Given the S-500’s advanced networking capabilities, some military analysts have suggested that the Russians might genuinely be able to engage stealth aircraft. Indeed, by networking multiple high-speed long wave radars such as the RLS Voronezh-DM and 1L119 Nebo SVU, it might be possible to generate a weapons quality track on an aircraft such as the F-22 or F-35. Sensor fusion has afforded militaries many capabilities that are greater than the sum of their part. This many be one such case.
Russia’s fearsome new S-500 air and missile defense system has apparently entered production—and is setting new records for missile engagement range.
The next generation weapon is designed to supplement Moscow’s already potent S-400 and replace the A-135 anti-ballistic missile system. Not only does the weapon have unprecedented capability to hit high altitude targets—including ballistic missiles and satellites—at extremely long ranges, there have been some claims—usually from the media—that the system could target stealth aircraft. However, while some analysts believe that might be theoretically possible, there has been nothing to substantiate that claim.

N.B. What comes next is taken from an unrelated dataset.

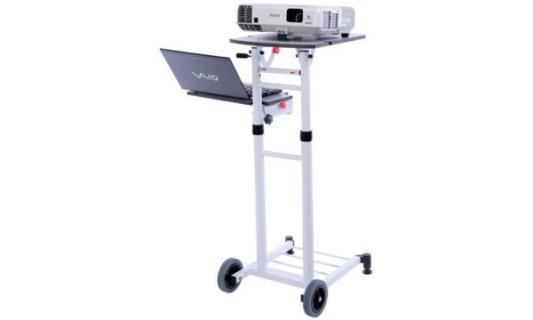 FRANKEN Präsentationsstation Travel, weiß aus Stahl, verwendbar für Beamer und 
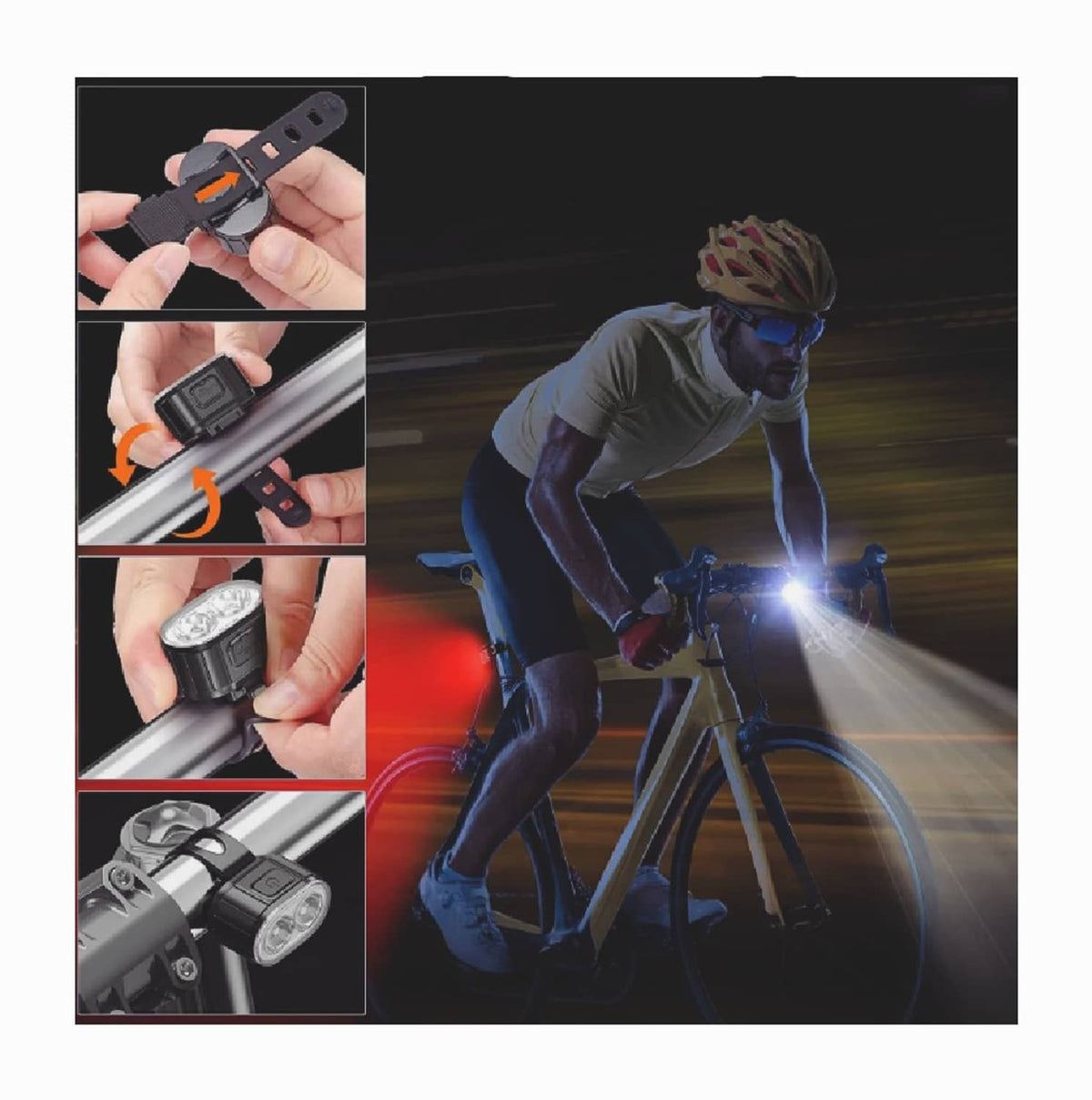 Solid Spare 2×USB Rechargeable LED Bicycle Lights Set Headlight Taillight Cycling Light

What is definitively known about the S-500 is that it is of very high priority to Russian president Vladimir Putin and that it presented publicly as primarily a high-altitude defense system. “It is necessary to develop and build up technological groundwork in the area of air defense, to continue modernization of Pantsir systems, to finish the development and preparations for mass production of the S-500 newest systems capable of hitting targets at super-high altitudes, including near-the-earth space,” Putin said in May.
While not all aspects of the S-500’s capabilities have been known to have been demonstrated by the West, there is little reason to doubt the capabilities of Russian air defense systems. Indeed, according to U.S. defense sources, Moscow recently conducted a record-breaking test of the S-500 system at ranges that were previously thought to be impossible. According to a CNBC report citing U.S. intelligence officials, “the S-500 surface-to-air missile system successfully struck a target 299 miles away, which the U.S. assessed is 50 miles further than any known test.”